_Stored data_:

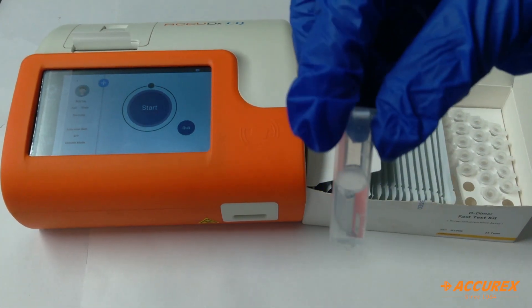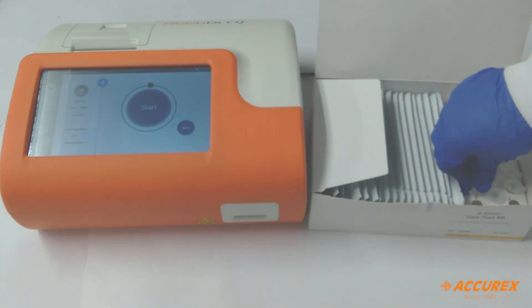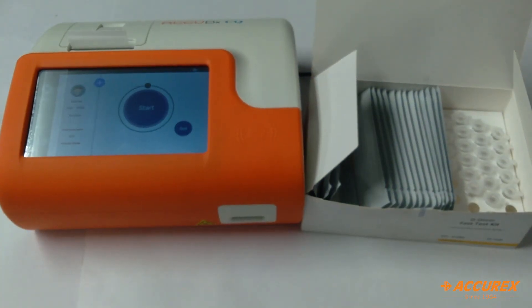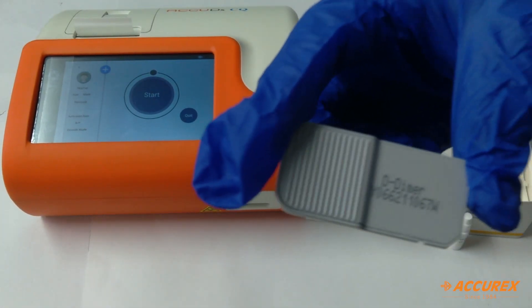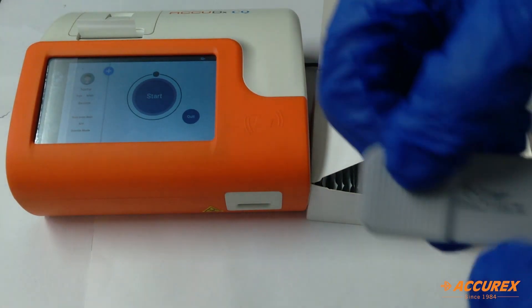These are the diluents. There is one buffer — when we use whole blood, we need to pour one drop of buffer in the kit. This is the SD card, so we'll insert this SD card in the SD card slot given on the left side.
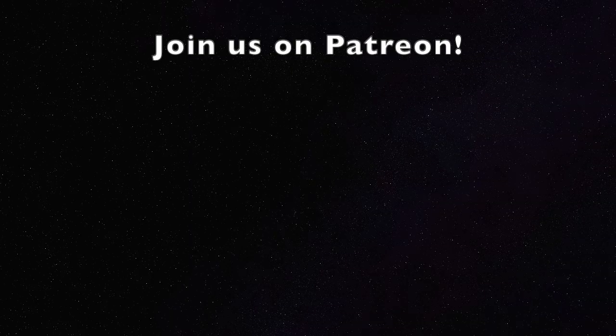Join us for our next knit along, which is going to be also brioche — a simple brioche scarf — and we're going to investigate further how to do decreases and increases. Watch for that next week. Thanks again for watching and supporting Pearl Together. We'll see you next week.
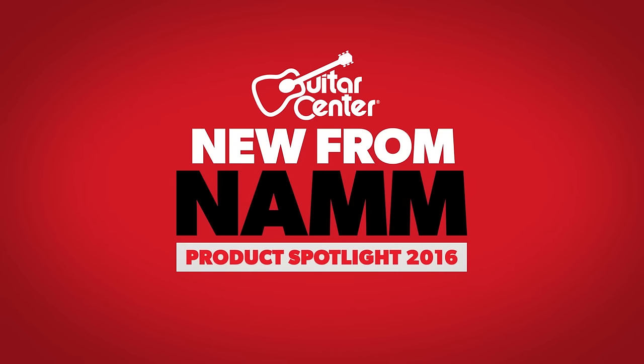Hey, this is Steve with Guitar Center at NAMM 2016, and we're at the Taylor booth with Andy, and we're going to learn about the 510E.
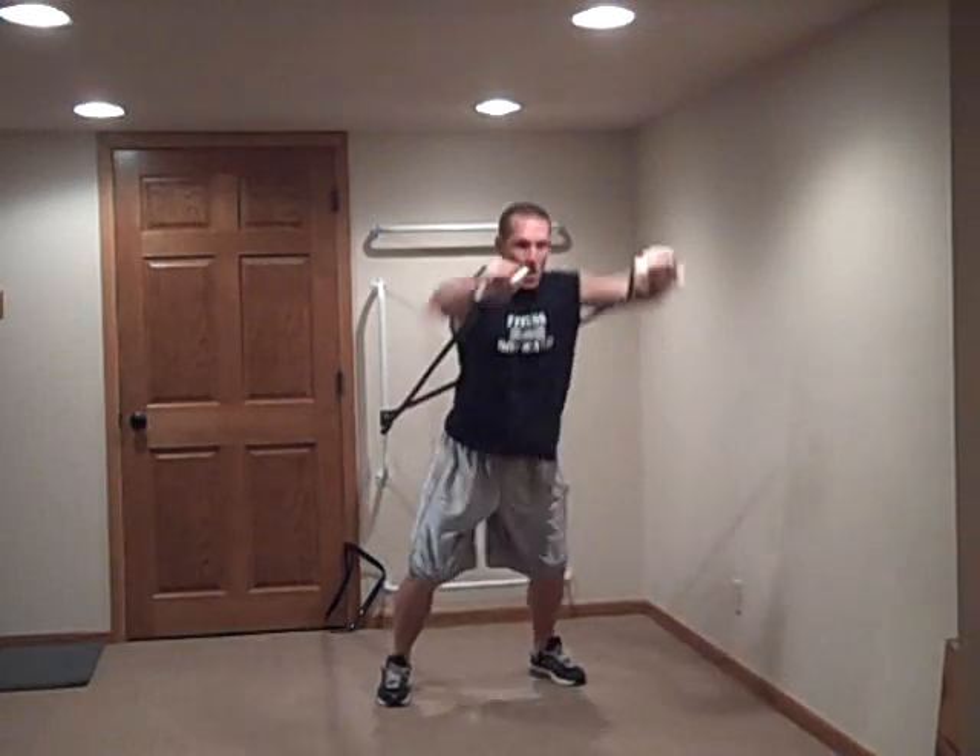From there, I love to make it more of a total body movement. Now we're going to go into a squat, come up pushing. They start incorporating their lower body with their upper body, which means the trunk is going to become immediately more active.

_What this task involves_: Once the pictures are set aside, repeat the data above exactly.

_Answer section_:
These are the diluents. There is one buffer — when we use whole blood, we need to pour one drop of buffer in the kit. This is the SD card, so we'll insert this SD card in the SD card slot given on the left side.
Join us for our next knit along, which is going to be also brioche — a simple brioche scarf — and we're going to investigate further how to do decreases and increases. Watch for that next week. Thanks again for watching and supporting Pearl Together. We'll see you next week.
Hey, this is Steve with Guitar Center at NAMM 2016, and we're at the Taylor booth with Andy, and we're going to learn about the 510E.
From there, I love to make it more of a total body movement. Now we're going to go into a squat, come up pushing. They start incorporating their lower body with their upper body, which means the trunk is going to become immediately more active.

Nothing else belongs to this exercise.